Every line from the one holding "Patient before and" through the one holding "смертельной болезни В" in the data below must be returned exactly, both ends included, with pictures left out and nothing else added.

*** MATERIAL PROVIDED ***

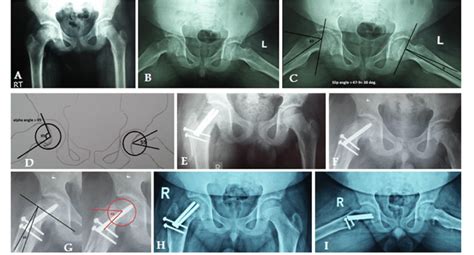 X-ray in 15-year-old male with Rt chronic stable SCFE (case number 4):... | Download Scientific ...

*** End of MATERIAL PROVIDED ***
*** MATERIAL PROVIDED ***

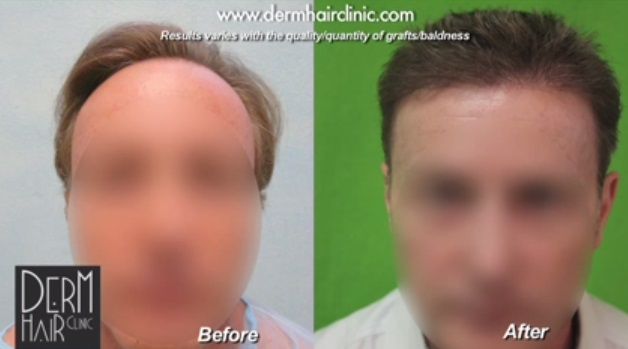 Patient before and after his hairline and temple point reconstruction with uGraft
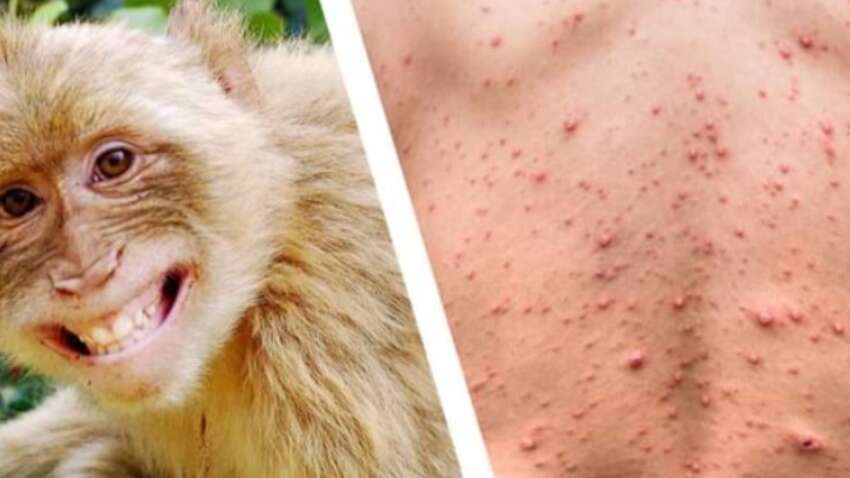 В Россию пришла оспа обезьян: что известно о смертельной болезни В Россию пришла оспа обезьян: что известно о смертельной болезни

*** End of MATERIAL PROVIDED ***
*** MATERIAL PROVIDED ***

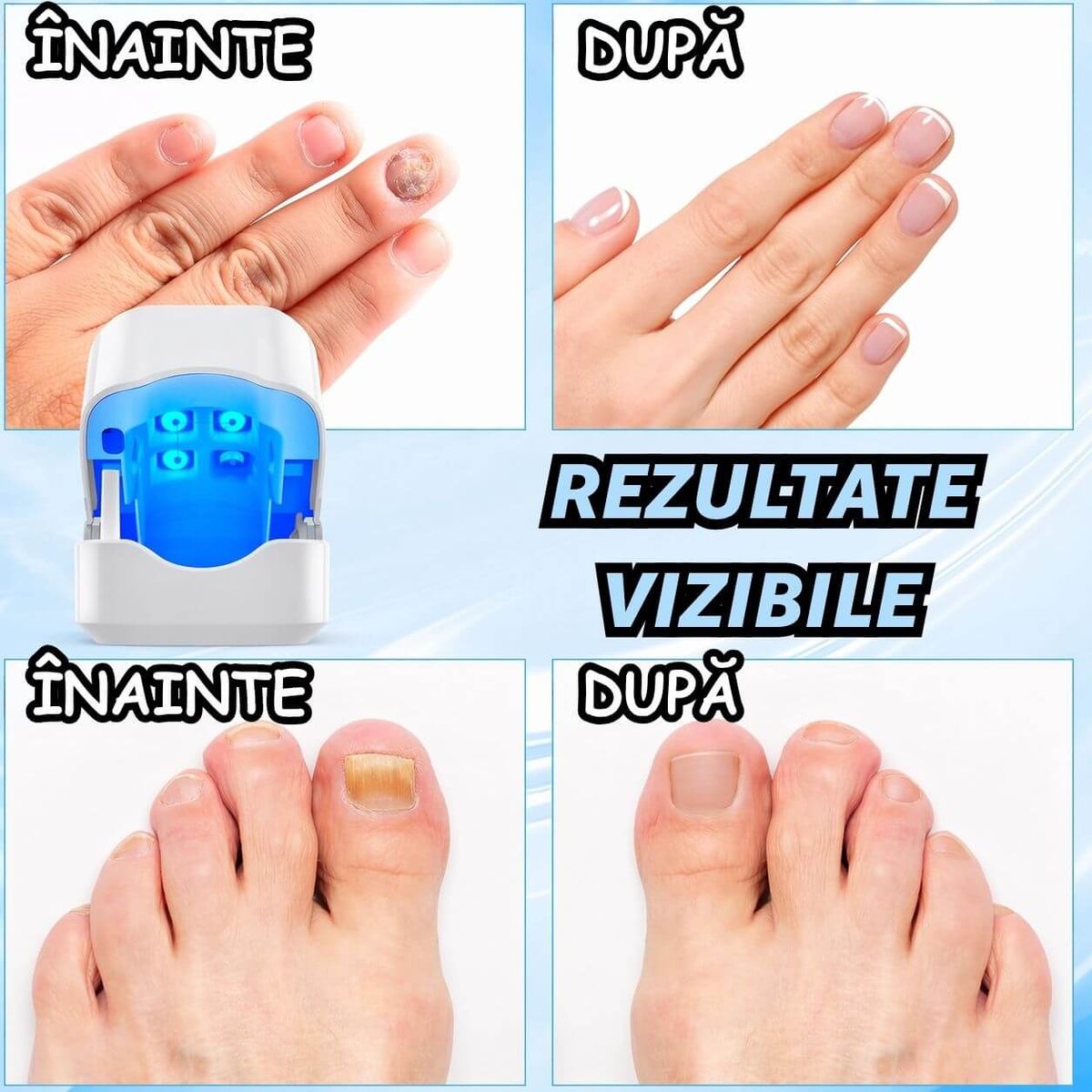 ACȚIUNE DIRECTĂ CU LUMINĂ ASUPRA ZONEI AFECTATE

*** End of MATERIAL PROVIDED ***

THE COMPLETED TASK.
 Patient before and after his hairline and temple point reconstruction with uGraft
 В Россию пришла оспа обезьян: что известно о смертельной болезни В Россию пришла оспа обезьян: что известно о смертельной болезни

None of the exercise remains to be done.